■ WHAT THIS TASK INVOLVES:
Here are some records; quote them exactly, leaving out the pictures.

■ MATERIALS PROVIDED:
:::::

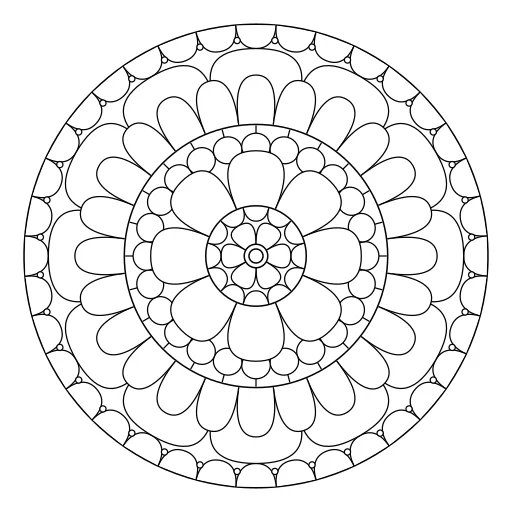 Easy mandala number 17 thumbnail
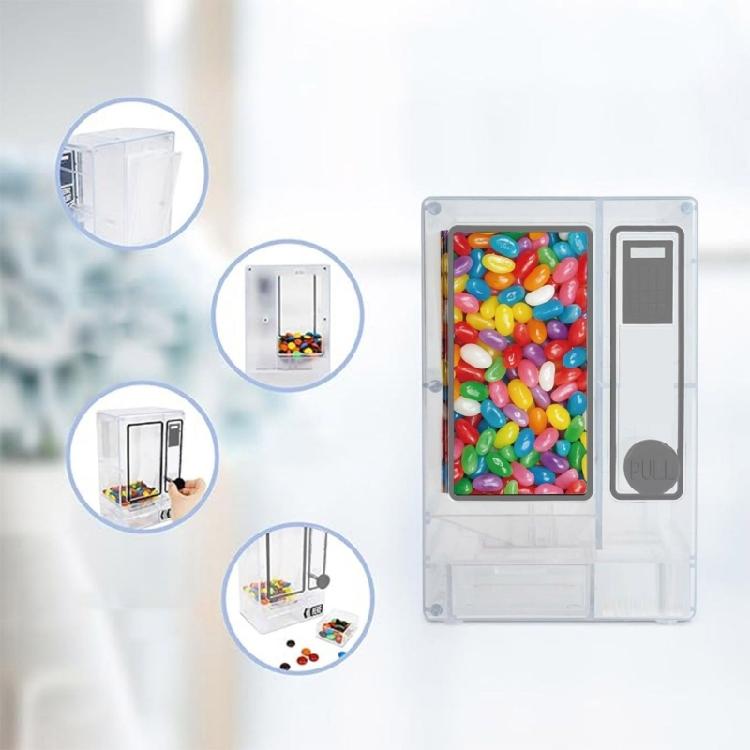 Large Capacity Candy Dispenser Sweet Treats Storage Box Kids Pulling Design Vending Machine Toy For Candy Organization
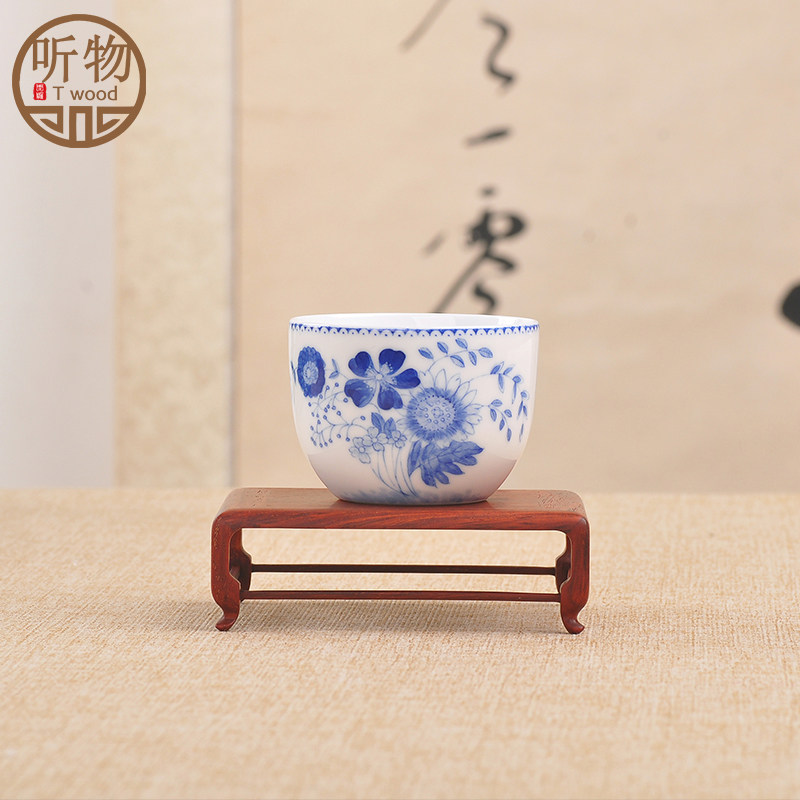 红木小叶紫檀瘿瘤木黄花梨蒲草盆景底座茶具茶壶奇石文玩摆件底座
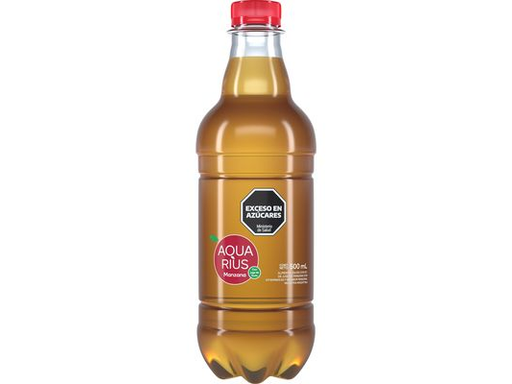 Agua Saborizada Aquarius Manzana 500 ml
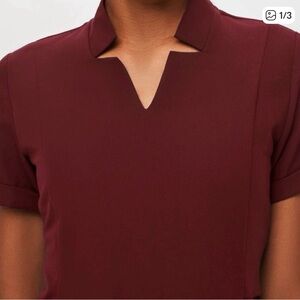 Inala Scrub Top Large (Limited edition) burgundy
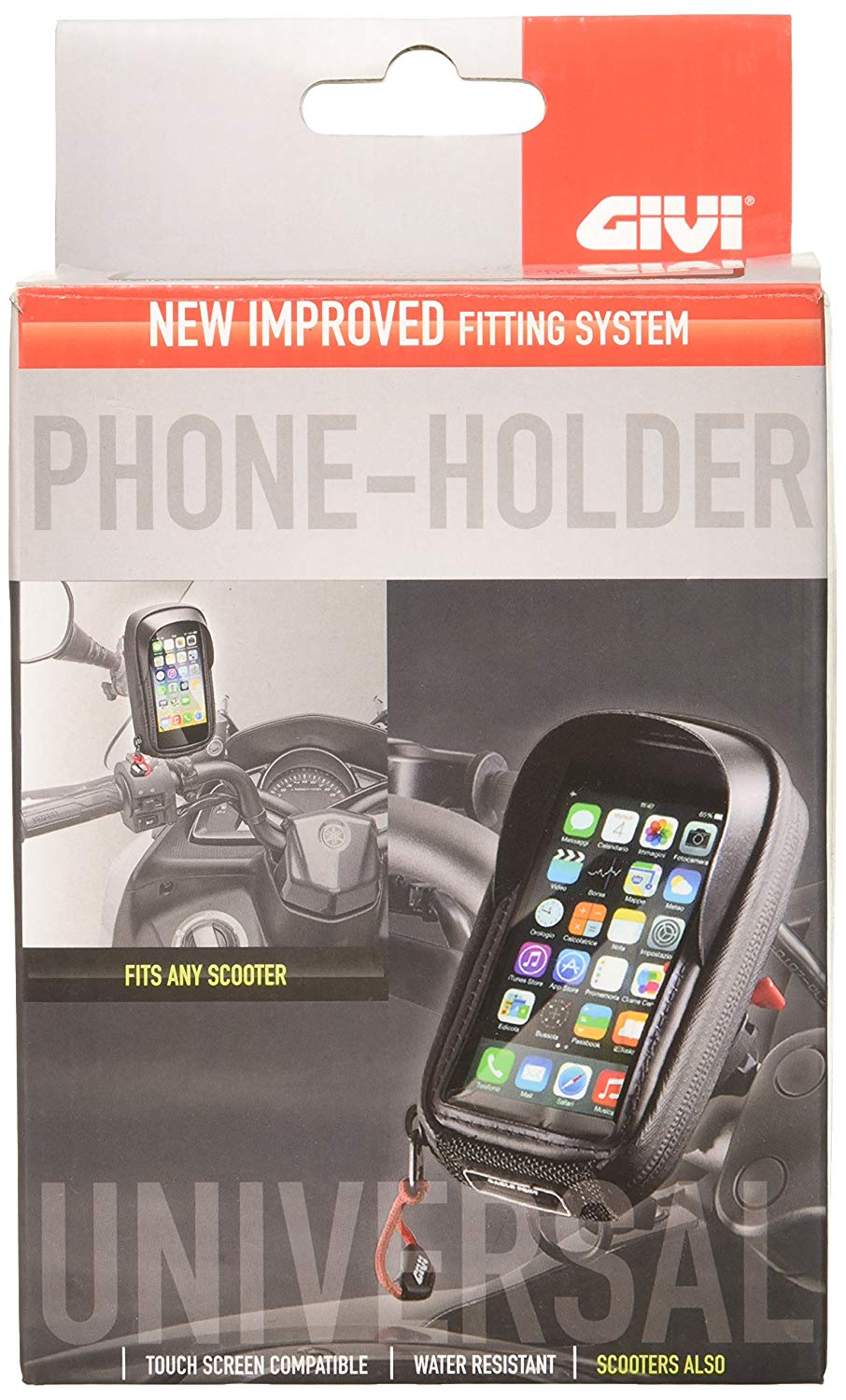 GIVI S955B Universal GPS-Smartphone Holder, black, 5/5S - Image 2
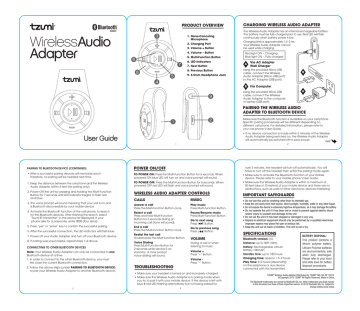 Tzumi probuds online manual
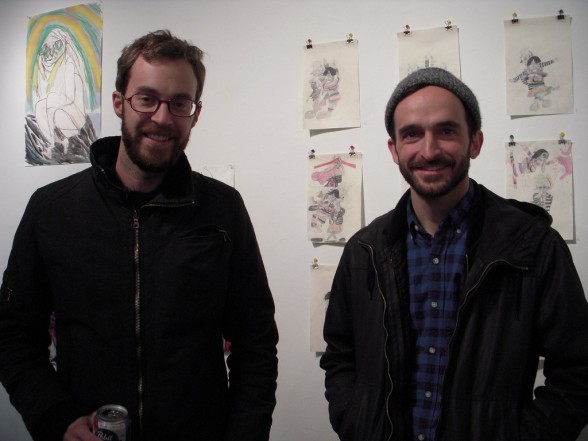 Anthony Miler (l) and Chris Davison. The artists met through Instagram!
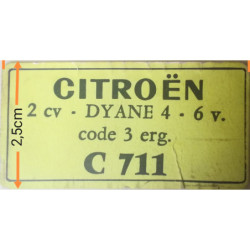 Autocollant CITROEN Diane4...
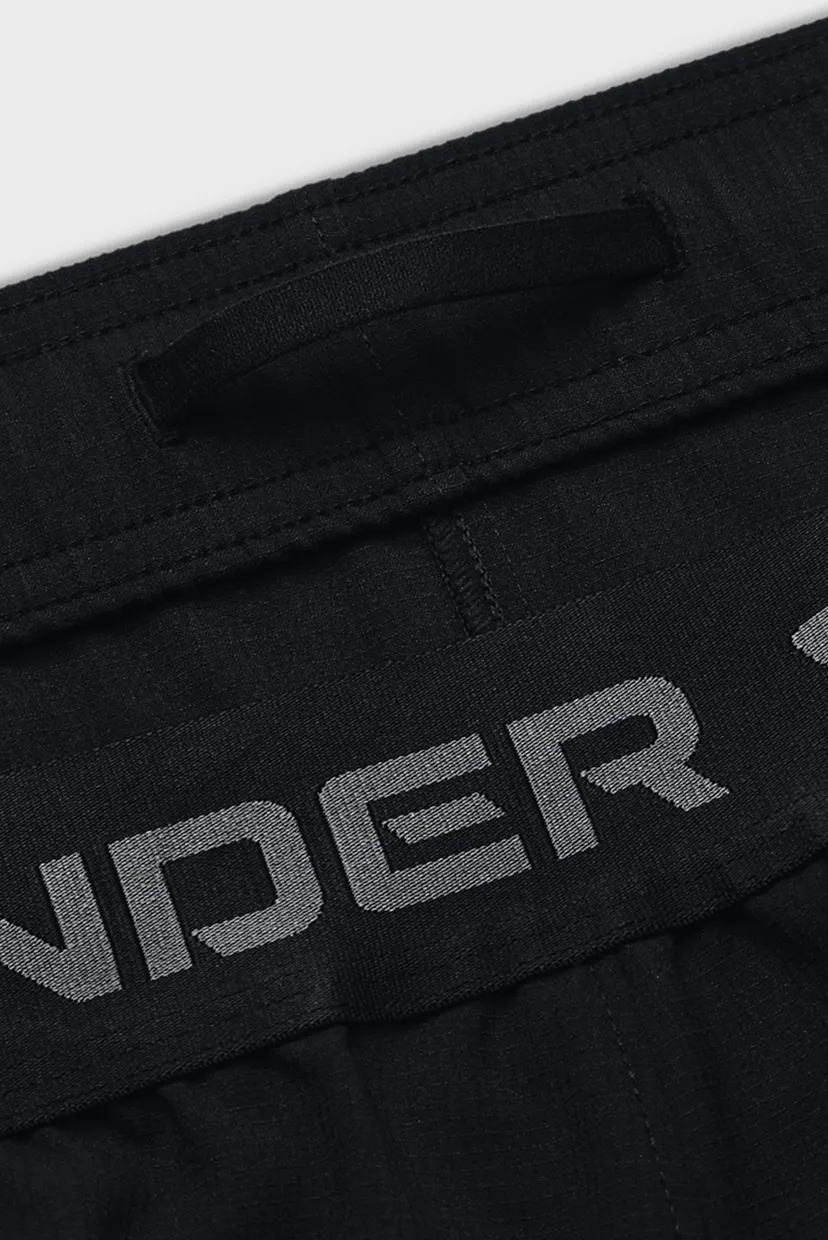Чоловічі чорні шорти UA Vanish Woven 6in Shorts 4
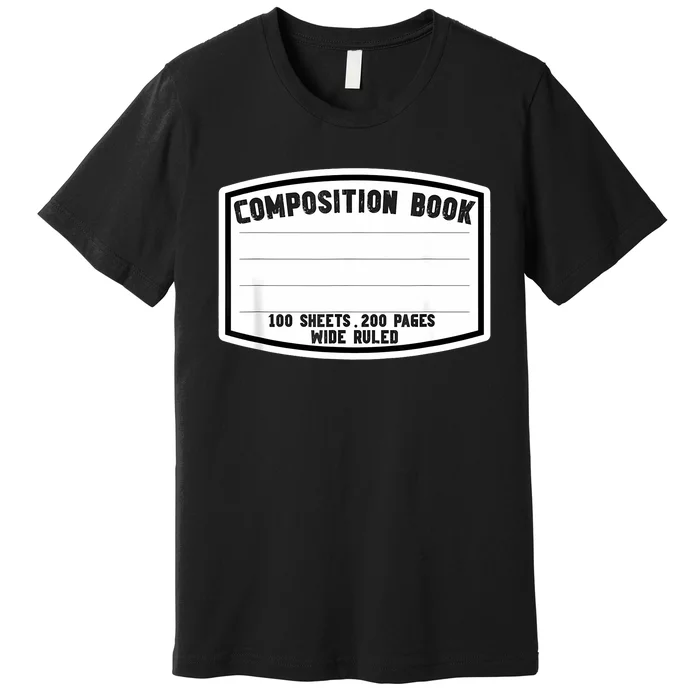 Composition Notebook Matching Group Halloween Teacher Premium T-Shirt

:::::

■ REPLY TO THE TASK:
 Easy mandala number 17 thumbnail
 Large Capacity Candy Dispenser Sweet Treats Storage Box Kids Pulling Design Vending Machine Toy For Candy Organization
 红木小叶紫檀瘿瘤木黄花梨蒲草盆景底座茶具茶壶奇石文玩摆件底座
 Agua Saborizada Aquarius Manzana 500 ml
 Inala Scrub Top Large (Limited edition) burgundy
 GIVI S955B Universal GPS-Smartphone Holder, black, 5/5S - Image 2
 Tzumi probuds online manual
 Anthony Miler (l) and Chris Davison. The artists met through Instagram!
 Autocollant CITROEN Diane4...
Чоловічі чорні шорти UA Vanish Woven 6in Shorts 4
 Composition Notebook Matching Group Halloween Teacher Premium T-Shirt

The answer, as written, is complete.